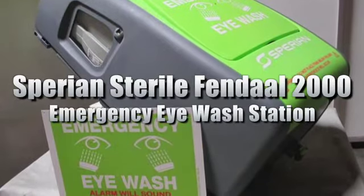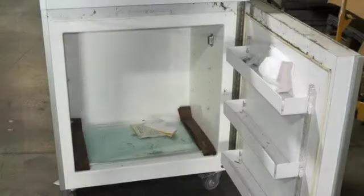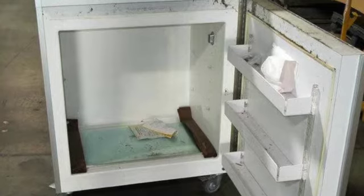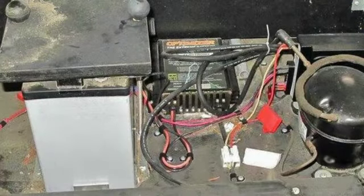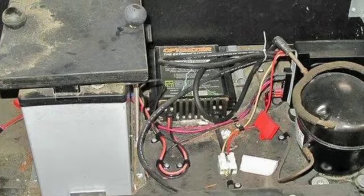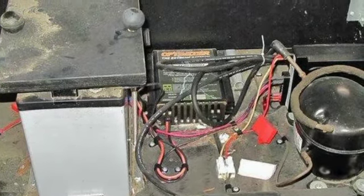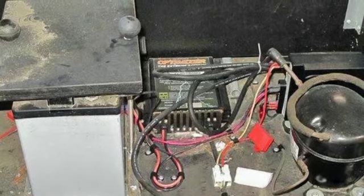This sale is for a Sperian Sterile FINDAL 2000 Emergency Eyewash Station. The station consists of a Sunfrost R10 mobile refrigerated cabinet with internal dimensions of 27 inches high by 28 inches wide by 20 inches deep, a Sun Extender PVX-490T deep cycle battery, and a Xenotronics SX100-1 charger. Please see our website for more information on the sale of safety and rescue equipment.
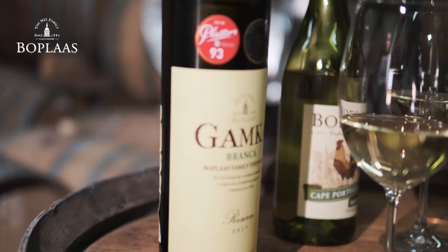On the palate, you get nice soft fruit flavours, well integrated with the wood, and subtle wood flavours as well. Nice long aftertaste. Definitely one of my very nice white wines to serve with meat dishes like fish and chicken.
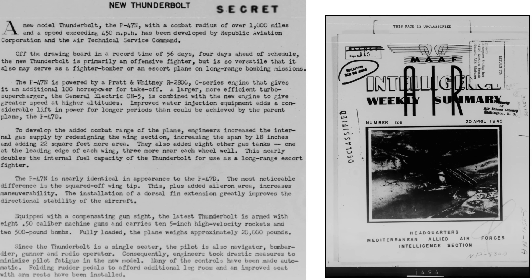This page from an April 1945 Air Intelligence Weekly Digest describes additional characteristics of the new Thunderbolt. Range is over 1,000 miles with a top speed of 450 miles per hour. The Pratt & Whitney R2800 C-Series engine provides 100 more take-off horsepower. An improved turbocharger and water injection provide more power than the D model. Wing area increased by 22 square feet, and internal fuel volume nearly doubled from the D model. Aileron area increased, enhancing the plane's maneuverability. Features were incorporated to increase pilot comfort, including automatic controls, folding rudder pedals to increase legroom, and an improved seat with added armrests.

...

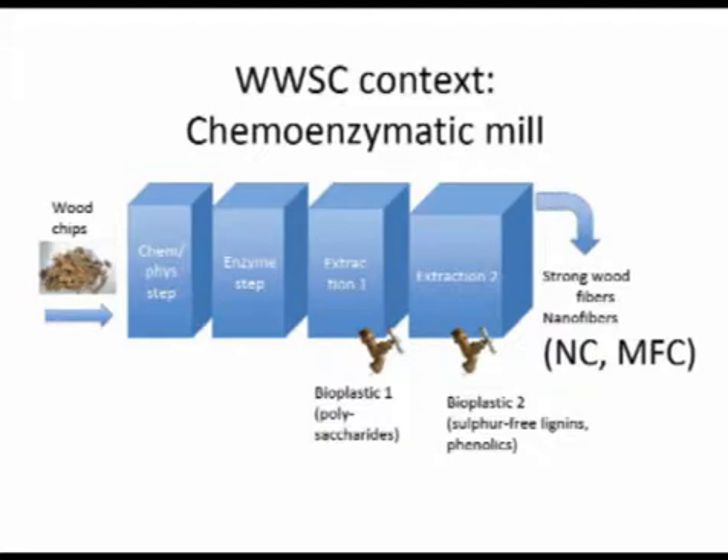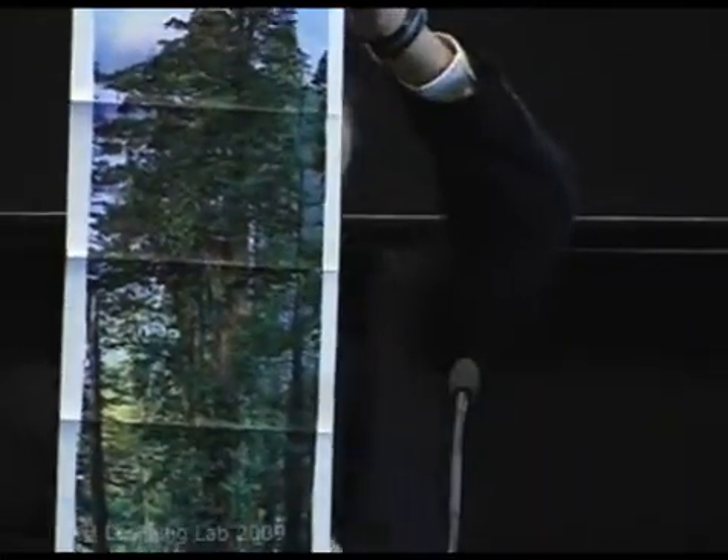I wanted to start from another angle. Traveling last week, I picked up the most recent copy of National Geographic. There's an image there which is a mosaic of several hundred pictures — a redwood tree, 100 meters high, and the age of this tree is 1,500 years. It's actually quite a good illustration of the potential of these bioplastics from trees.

# Your objective
Within the listing above, write out the stretch from the line with "This sale is" through the line with "On the palate, you" exactly. Any pictures are to be left out.

# Exercise answer
This sale is for a Sperian Sterile FINDAL 2000 Emergency Eyewash Station. The station consists of a Sunfrost R10 mobile refrigerated cabinet with internal dimensions of 27 inches high by 28 inches wide by 20 inches deep, a Sun Extender PVX-490T deep cycle battery, and a Xenotronics SX100-1 charger. Please see our website for more information on the sale of safety and rescue equipment.
On the palate, you get nice soft fruit flavours, well integrated with the wood, and subtle wood flavours as well. Nice long aftertaste. Definitely one of my very nice white wines to serve with meat dishes like fish and chicken.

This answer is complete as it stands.